Botia striata are a great little fish. They interact so much you'd get more out of them with a larger group though. Even one more would be better. Five is a good minimum. They typically grow to about 3" SL.


----------



## joyous214 (6 Oct 2008)

puffers, or i did have some loaches that became so fat from eating snails that they stopped!!!!!!!!!!! Then i had to just suck them up when i cleaned out


----------



## Fred Dulley (6 Oct 2008)

If loaches stop eating snails then starve them for a few days and they usually go back to eating snails. Think about it from the loaches point of view, why should I go out looking for snails when a nice person makes me fat with flake food and bloodworm.


----------



## tanker (7 Oct 2008)

mini puffers. they're the best, and their appetite is large... can clear your snails within days. then u'll notice lots of dead snail shells that has turned white on your substrate, looks like snail mass grave   

but puffers also eat shrimps, harass oto, snaller fish. uncontrollable.


----------



## Jeremy (8 Oct 2008)

Paradise fish are killer snail eaters, as are convict cichlids.
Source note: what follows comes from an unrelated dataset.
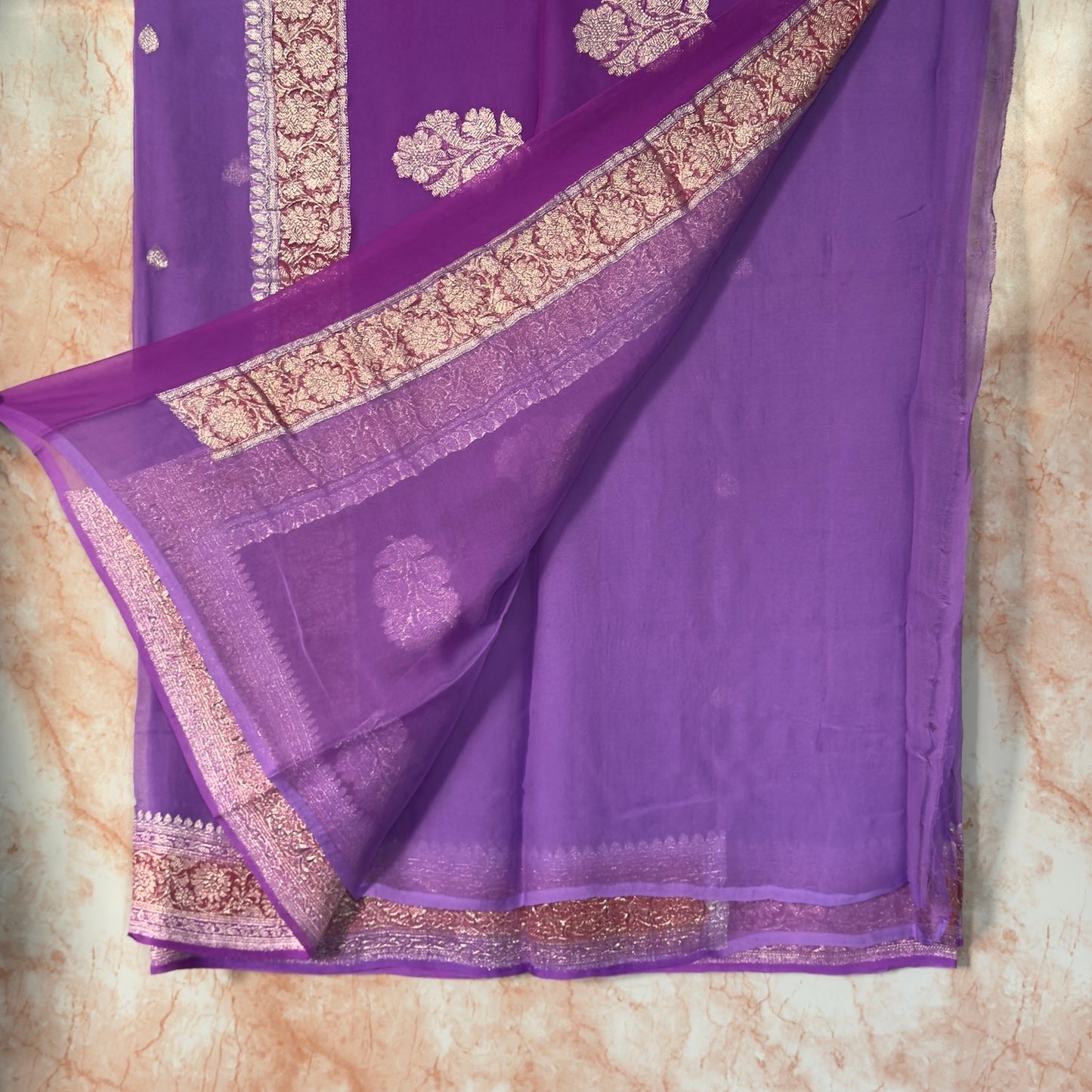 Purple with Maroon Banarasi pure chiffon saree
Wouldn't have convicts in a planted tank though due to aggression, although they do eat filamentous algae too.


----------



## George Farmer (8 Oct 2008)

san-ho-zay said:
			
		

> Botia striata are a great little fish. They interact so much you'd get more out of them with a larger group though. Even one more would be better. Five is a good minimum. They typically grow to about 3" SL.



Totally agree with the above.  Great fish in their own right, and super snail destroyers.


----------



## Vito (14 Oct 2008)

Well I must say the 2 Botia striata have eliminated all the snails and they are a great addition to my tank, not only do they serve a pupose but they also look really nice and I have never been a fan of loaches...

The only thing is I think they might be the culprits of my HC uprooting time to time... any way I would have to say they are really active and seem to be happy, thanks for all the advice guys, really appreciate it.

Vito


----------